Una de las principales aportaciones de Borghini es el empleo de textos de la antigöedad, con dos propósitos: uno, demostrar la histo-
ricidad de Jesús, sobre la que no tiene la menor duda; el otro, probar que una pequeña multitud de pasajes evangélicos es en realidad repetición de relatos antiguos. Esto no lo consigue satisfactoriamente. En ninguno de los casos que cita, se puede decir que la inspiración del evangelista de turno proceda de la literatura antigua.

El libro de Borghini tiene una segunda línea argumental que se refiere a las diversas etapas de elaboración de los Evangelios. Establece tres, que son sin duda verosímiles: una es la de la copia literal de las palabras del Maestro; la segunda, la de la añadidura de los recuerdos de quienes convivieron con él, y la tercera, la de aquellos que quisieron enmendar la plana para convencer a los demás de que Jesús era Dios. Aparte el primero, que a Borghini le parece indiscutible, para saber qué párrafos corresponden a la segunda y cuáles a la tercera elaboración recurre al principio de la lectio difficilior. En síntesis, es esto: lo más alejado de lo que se pretende probar es lo más antiguo; lo más cercano, lo más reciente; por la sencilla razón -explica- de que nadie modifica un texto para oscurecerlo (aunque de todo hay en la viña del Señor, precisamente). Y, con este criterio, va pasando revista a diversos episodios de evangelios y epístolas, que le parecen prueba suficiente de que hubo una primera redacción literal, una segunda de recuerdos y una tercera intencional y divinizadora. La argumentación es válida. Me temo, con todo, que la crítica textual es más compleja y que hay formas de penetrar en los textos que resultan más certeras para averiguar qué párrafos proceden de una misma mano y cuáles no.
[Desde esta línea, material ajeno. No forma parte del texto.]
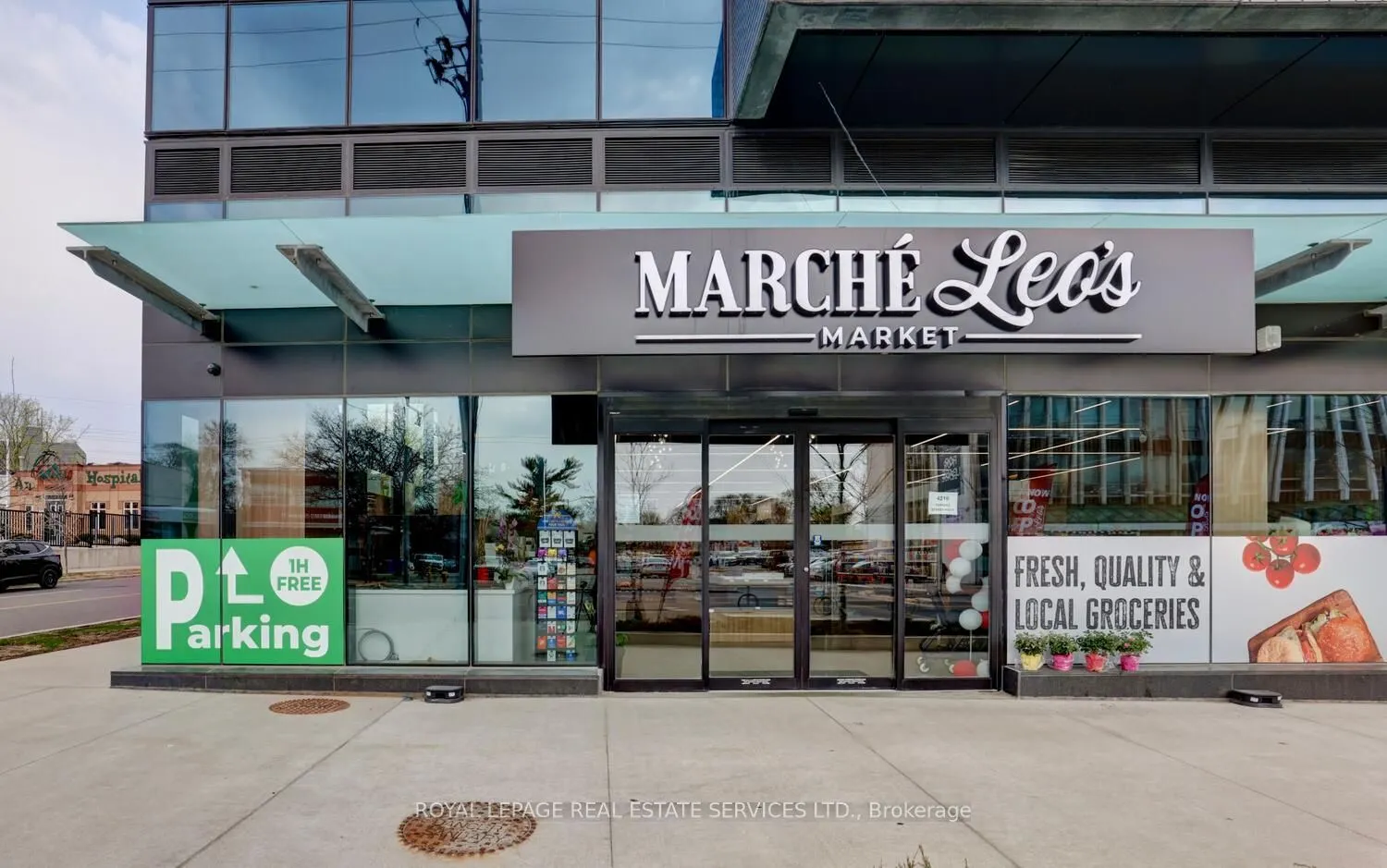 4208 Dundas Street W, #702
Las páginas finales de Borghini se dedican a los milagros y a la resurrección de Cristo. Y, cuando llega a ellas, el autor parece dar por supuesto que ya estamos del todo convencidos: "hemos convenido -dice (p. 150)- en que tanto los milagros como la teoría son simples instrumentos doctrinales, sólo que con formato distinto, pero con el mismo objetivo" (demostrar que Cristo es Dios). Pero la verdad es que no habíamos convenido nada. Es éste, ciertamente, un recurso argumental que atraviesa todo el libro: el de asociar al lector en la complicidad con la intención del autor, dando por supuesto que se va aceptando su crítica según nos la propone; esto es: cerrando el paso a la posibilidad de disentir. Estoy seguro de que no es esto lo que se proponía Borghini. Pero ése es el resultado, y eso quita al libro el principal mérito que debía tener: hacer pensar al lector.
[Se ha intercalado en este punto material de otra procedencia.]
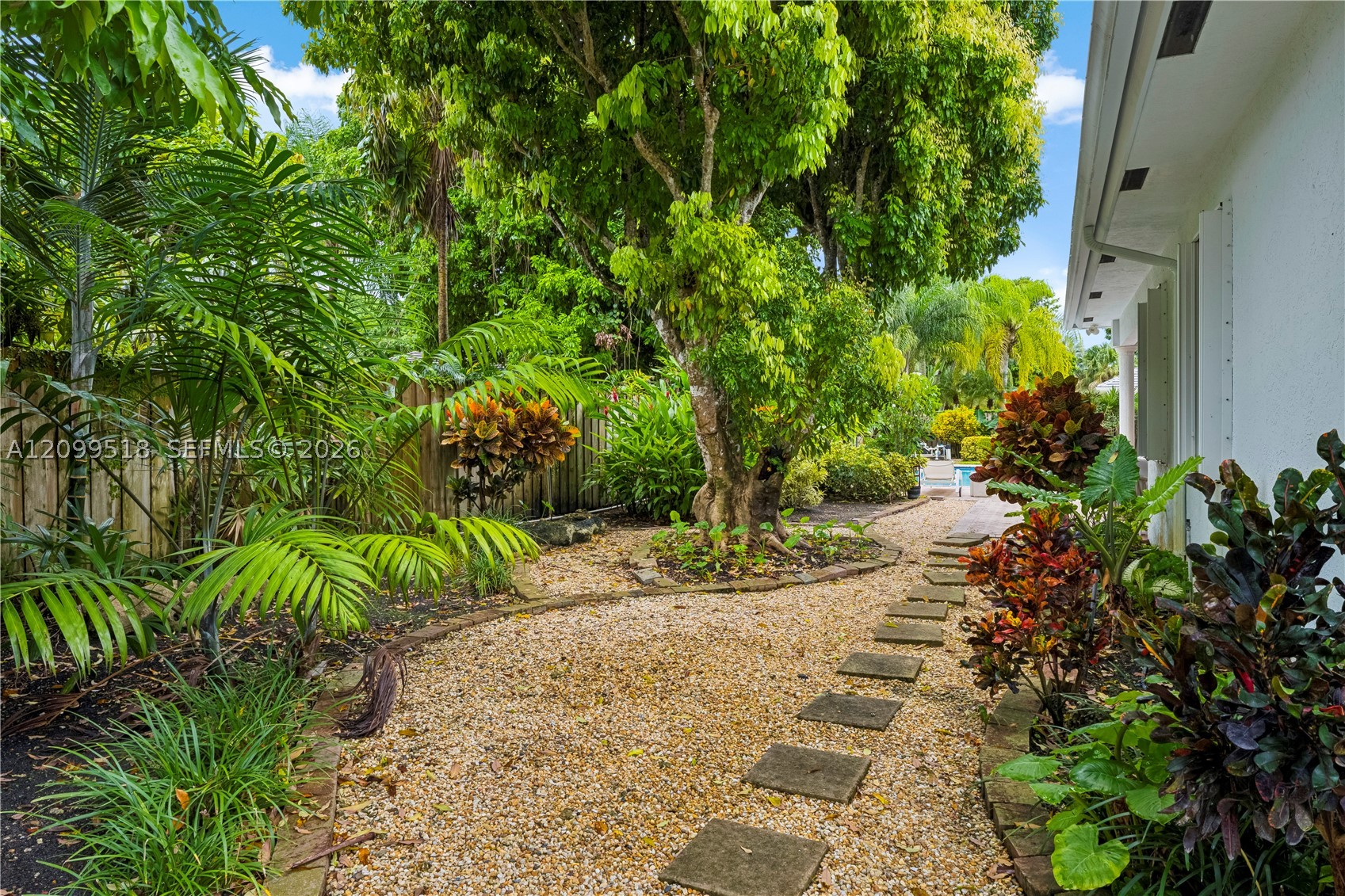 15255 SW 80th Ave, Palmetto Bay FL 33157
El de Borghini no es el libro "inquietante" para el creyente que supone el editor en la contraportada. Inquietante es más bien el libro de Herranz y García Pérez; porque, al reconstruir el posible original arameo de los textos evangélicos que trata, van creando de hecho un nuevo evangelio, que, a juzgar por el alcance de lo que nos han descubierto hasta ahora, puede quitar el fundamento a buena parte de la exégesis cristiana de los últimos diecinueve siglos. Esto sí tiene un alcance que inquieta al que está formado (y lo estamos los mayores de 50 años) en la tradición interpretativa vigente hasta hoy mismo.